## WHAT THE EXERCISE ASKS:
Transcribe the listing below verbatim, omitting pictures.

## EXERCISE DATA:
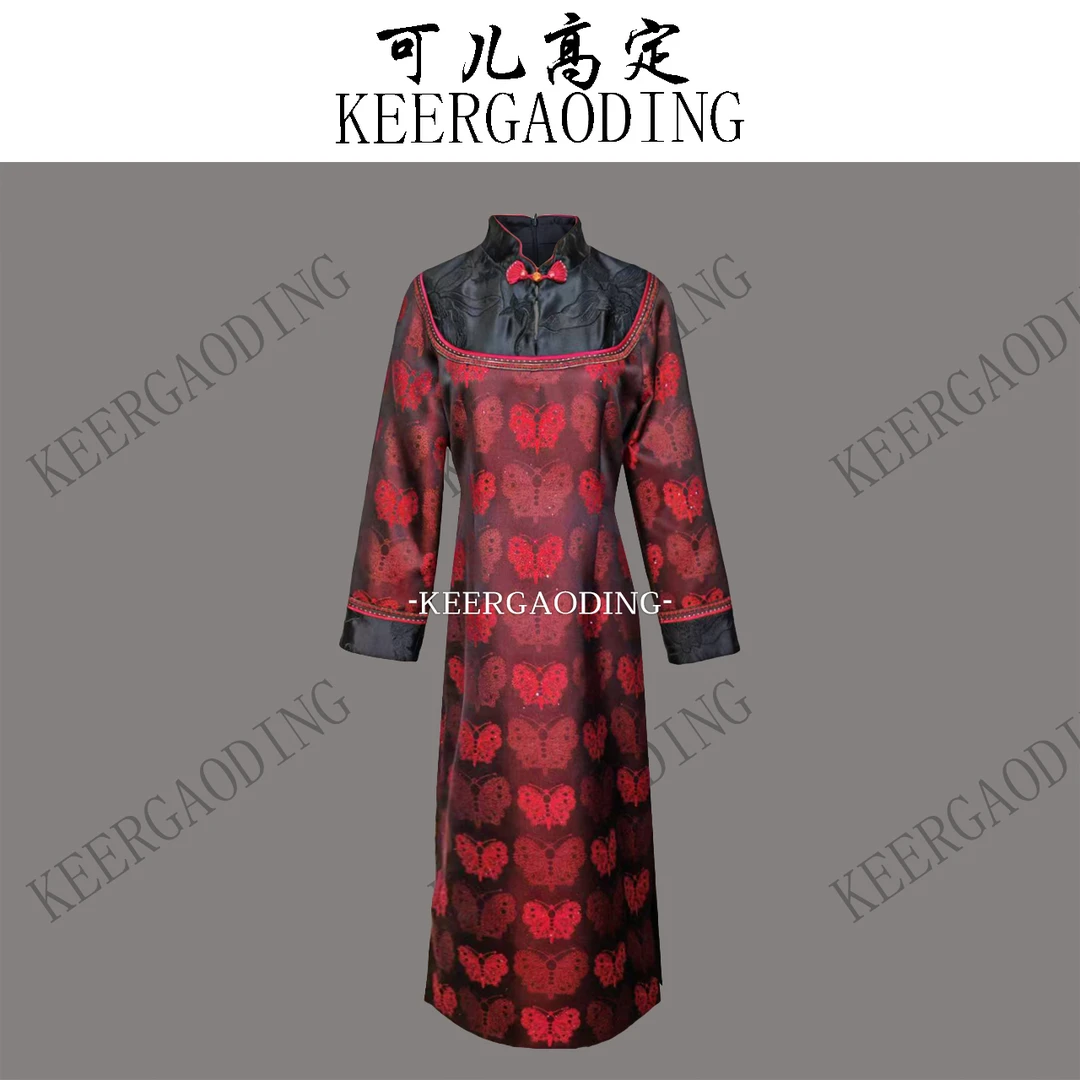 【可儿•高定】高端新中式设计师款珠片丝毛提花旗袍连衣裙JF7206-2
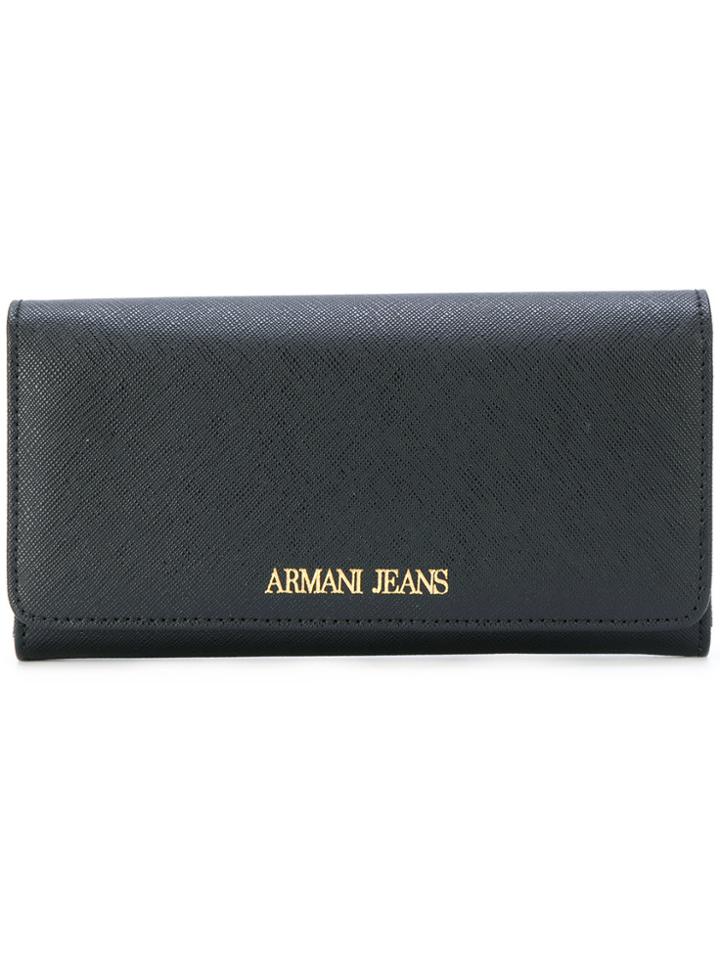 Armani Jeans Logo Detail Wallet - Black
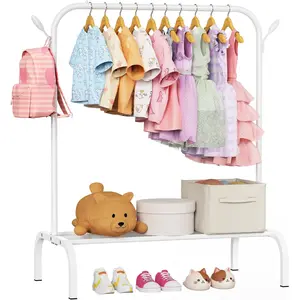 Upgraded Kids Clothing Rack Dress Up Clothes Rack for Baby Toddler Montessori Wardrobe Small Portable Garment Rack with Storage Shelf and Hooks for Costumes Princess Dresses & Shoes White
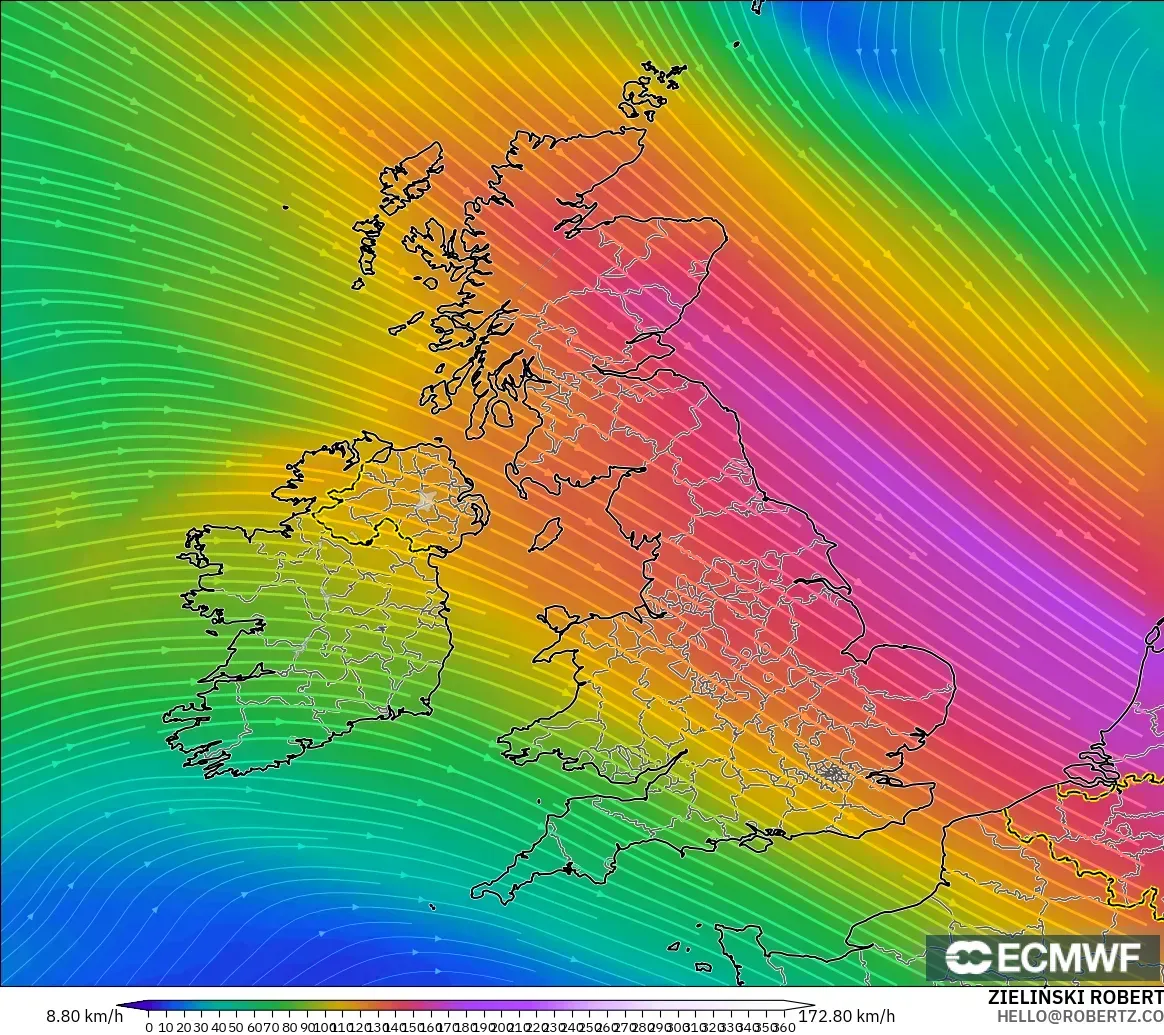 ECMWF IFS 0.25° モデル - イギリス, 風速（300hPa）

## SOLUTION TO THIS PROBLEM:
 【可儿•高定】高端新中式设计师款珠片丝毛提花旗袍连衣裙JF7206-2
 Armani Jeans Logo Detail Wallet - Black
 Upgraded Kids Clothing Rack Dress Up Clothes Rack for Baby Toddler Montessori Wardrobe Small Portable Garment Rack with Storage Shelf and Hooks for Costumes Princess Dresses & Shoes White
 ECMWF IFS 0.25° モデル - イギリス, 風速（300hPa）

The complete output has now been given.